EXCERPTED DATA
::::::::::
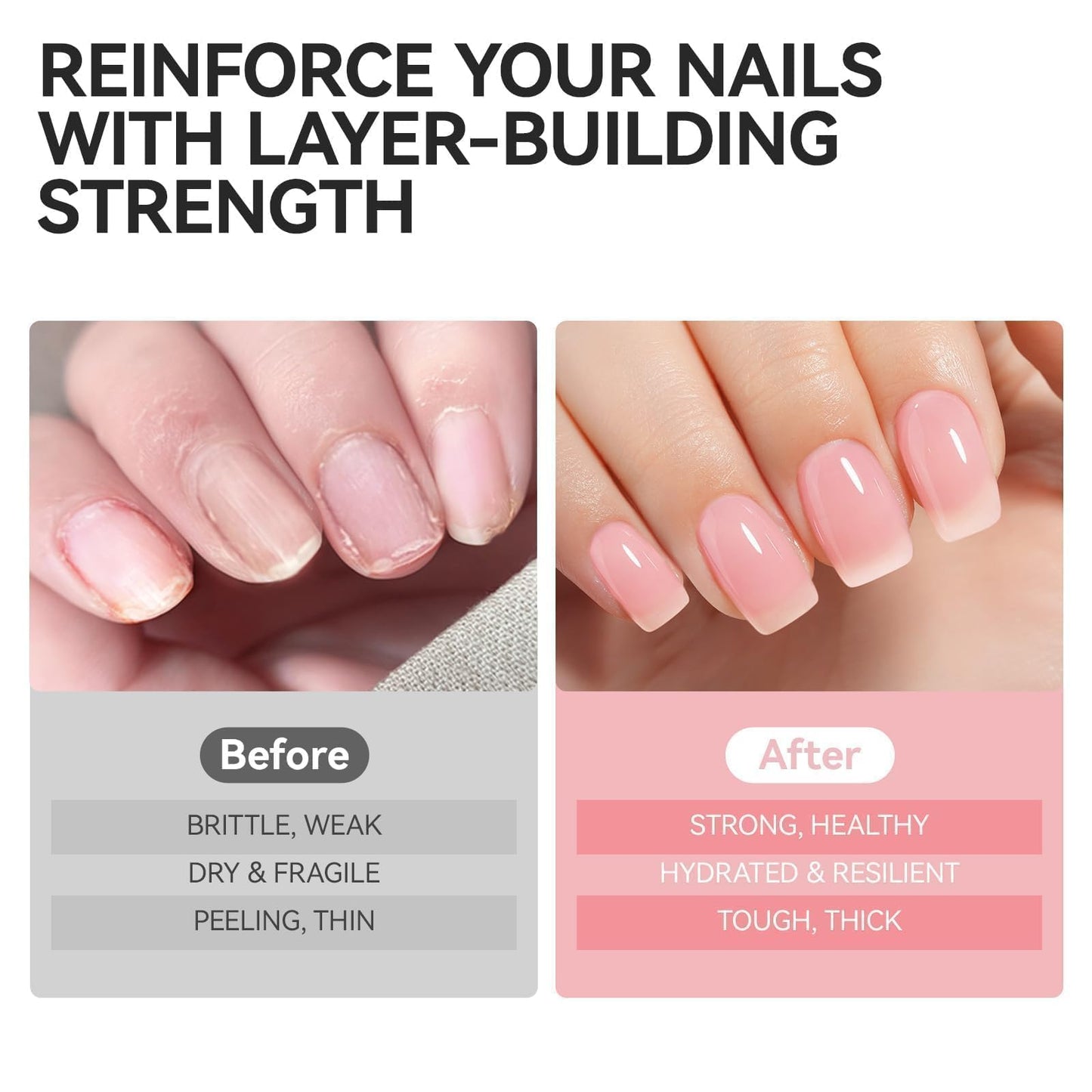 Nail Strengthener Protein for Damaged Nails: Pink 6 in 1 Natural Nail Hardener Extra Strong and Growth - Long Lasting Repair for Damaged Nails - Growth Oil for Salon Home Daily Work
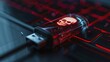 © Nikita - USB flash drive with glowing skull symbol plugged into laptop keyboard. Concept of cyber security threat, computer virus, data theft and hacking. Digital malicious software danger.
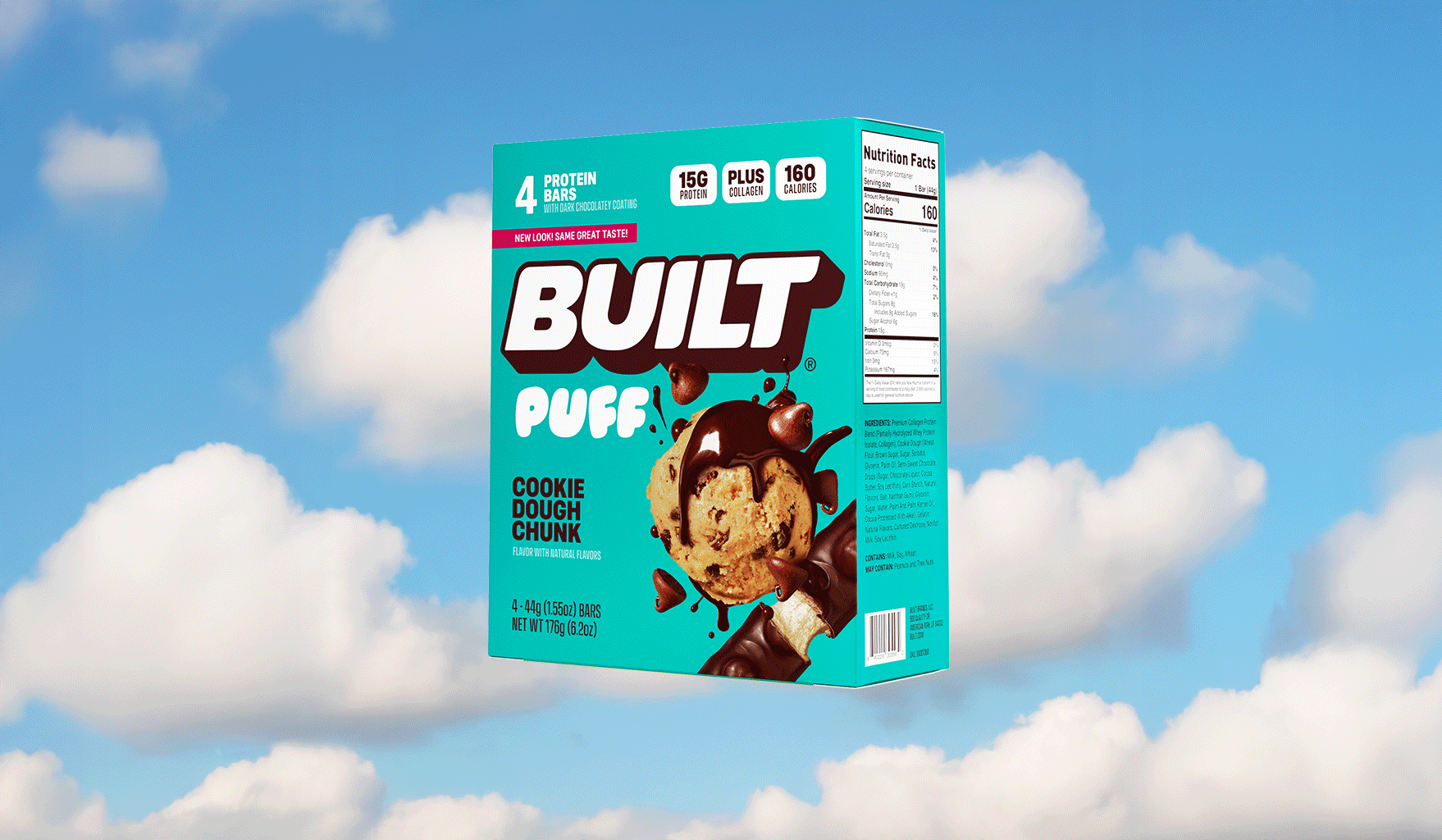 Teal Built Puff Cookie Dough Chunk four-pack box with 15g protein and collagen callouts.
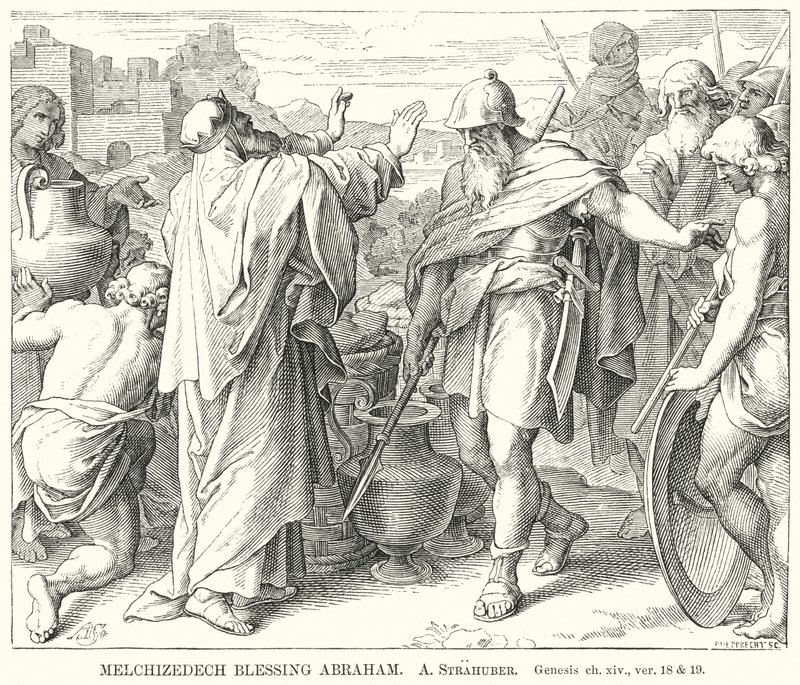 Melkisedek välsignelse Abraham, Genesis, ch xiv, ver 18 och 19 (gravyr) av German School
::::::::::
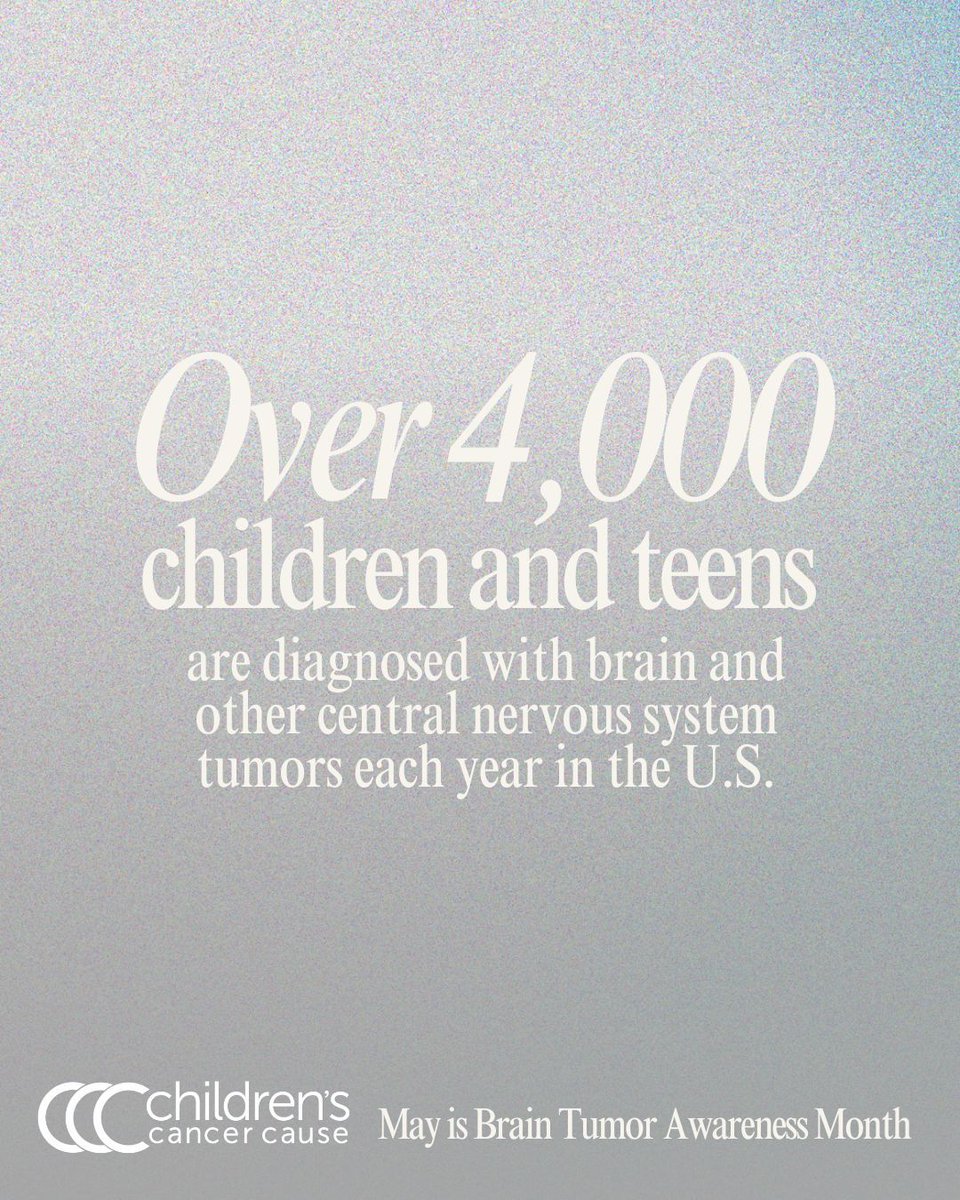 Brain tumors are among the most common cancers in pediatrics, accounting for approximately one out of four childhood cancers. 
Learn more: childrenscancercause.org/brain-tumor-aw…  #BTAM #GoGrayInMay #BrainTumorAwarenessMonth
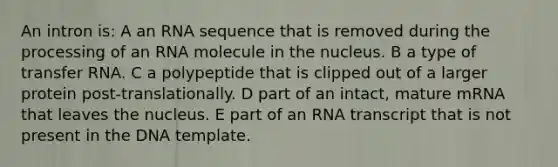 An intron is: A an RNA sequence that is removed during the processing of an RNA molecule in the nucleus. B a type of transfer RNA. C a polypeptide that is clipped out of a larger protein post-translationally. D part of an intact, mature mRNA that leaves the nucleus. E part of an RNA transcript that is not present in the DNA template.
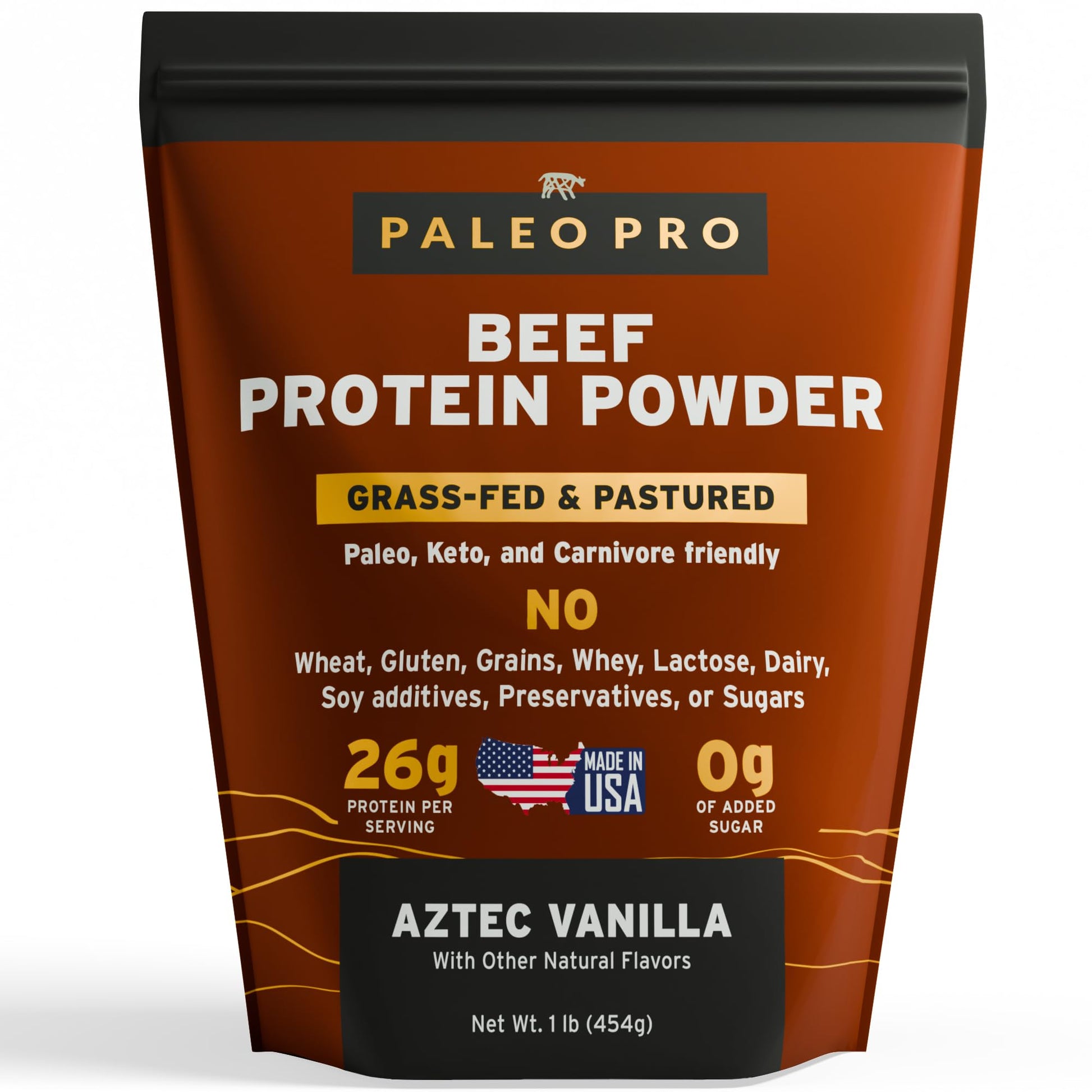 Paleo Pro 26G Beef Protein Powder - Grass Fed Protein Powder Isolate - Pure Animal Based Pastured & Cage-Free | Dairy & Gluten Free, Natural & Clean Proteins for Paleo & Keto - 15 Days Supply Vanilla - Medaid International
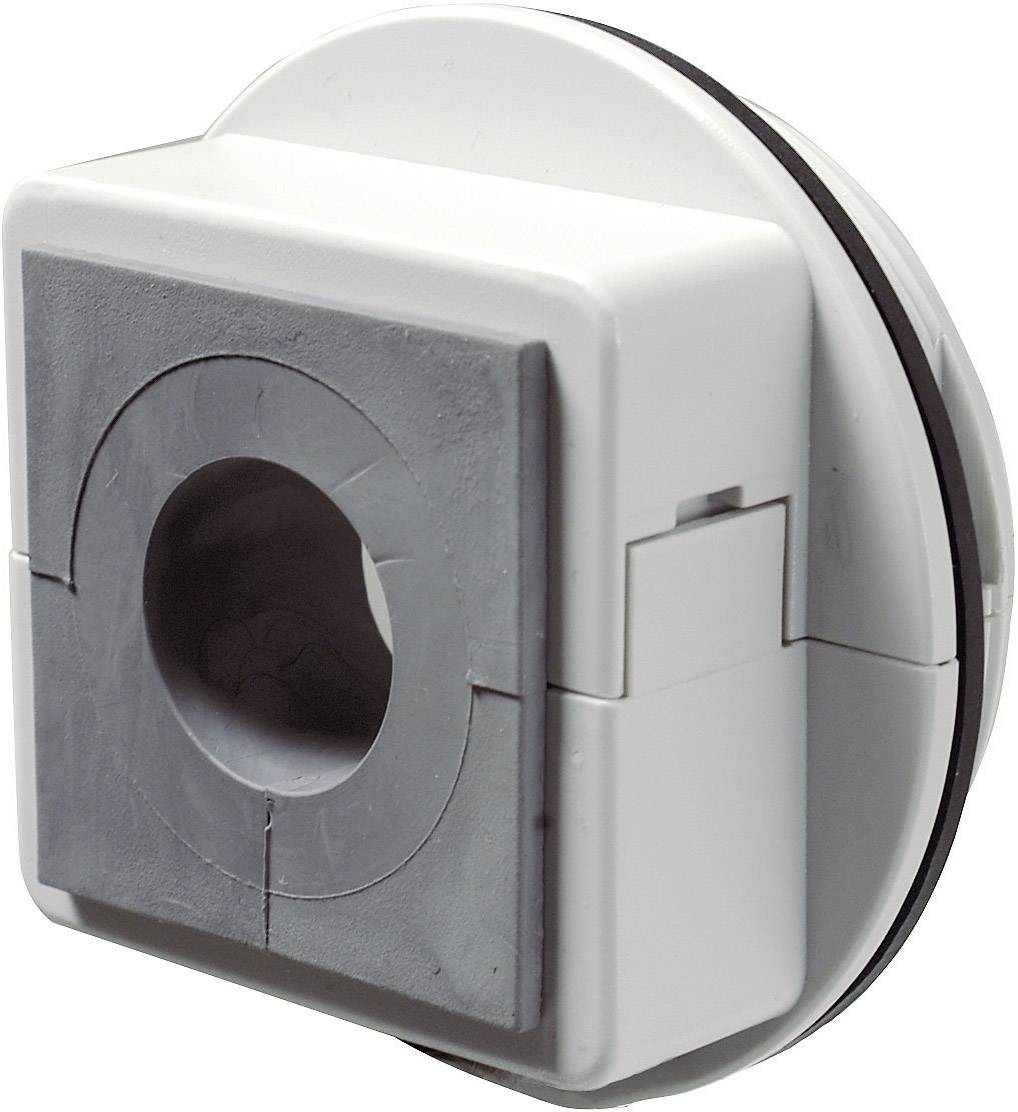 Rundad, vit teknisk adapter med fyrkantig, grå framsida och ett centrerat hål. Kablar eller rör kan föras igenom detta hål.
::::::::::
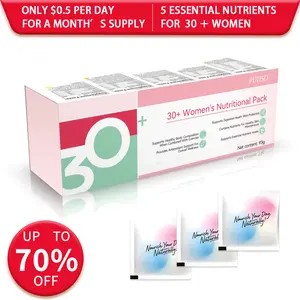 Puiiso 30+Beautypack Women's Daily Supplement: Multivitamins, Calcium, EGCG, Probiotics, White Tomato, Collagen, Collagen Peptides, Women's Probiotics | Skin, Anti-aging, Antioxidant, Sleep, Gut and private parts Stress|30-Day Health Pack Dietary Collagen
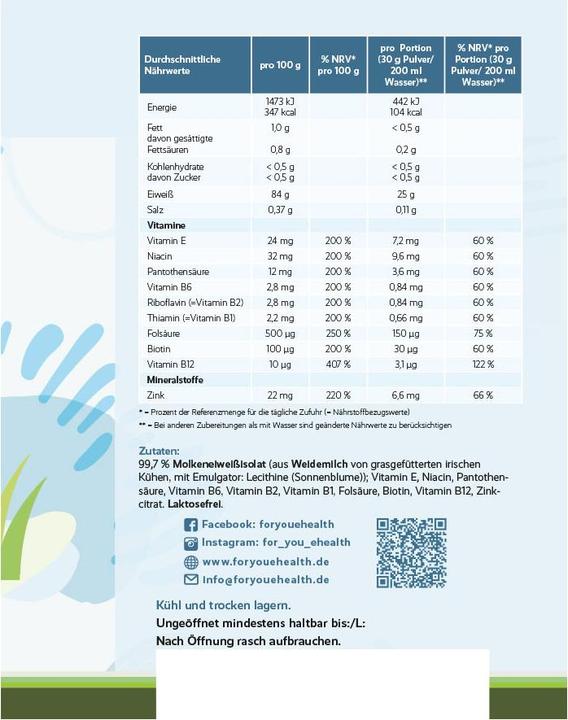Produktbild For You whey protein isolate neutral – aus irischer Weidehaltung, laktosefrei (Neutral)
::::::::::
PROBLEM
Would you output only the span of the records above that opens with the line containing "Nail Strengthener Protein" and closes with the line containing "Melkisedek välsignelse Abraham, Genesis, ch", ends included and pictures dropped?

OUTPUT BELOW
 Nail Strengthener Protein for Damaged Nails: Pink 6 in 1 Natural Nail Hardener Extra Strong and Growth - Long Lasting Repair for Damaged Nails - Growth Oil for Salon Home Daily Work
 © Nikita - USB flash drive with glowing skull symbol plugged into laptop keyboard. Concept of cyber security threat, computer virus, data theft and hacking. Digital malicious software danger.
 Teal Built Puff Cookie Dough Chunk four-pack box with 15g protein and collagen callouts.
 Melkisedek välsignelse Abraham, Genesis, ch xiv, ver 18 och 19 (gravyr) av German School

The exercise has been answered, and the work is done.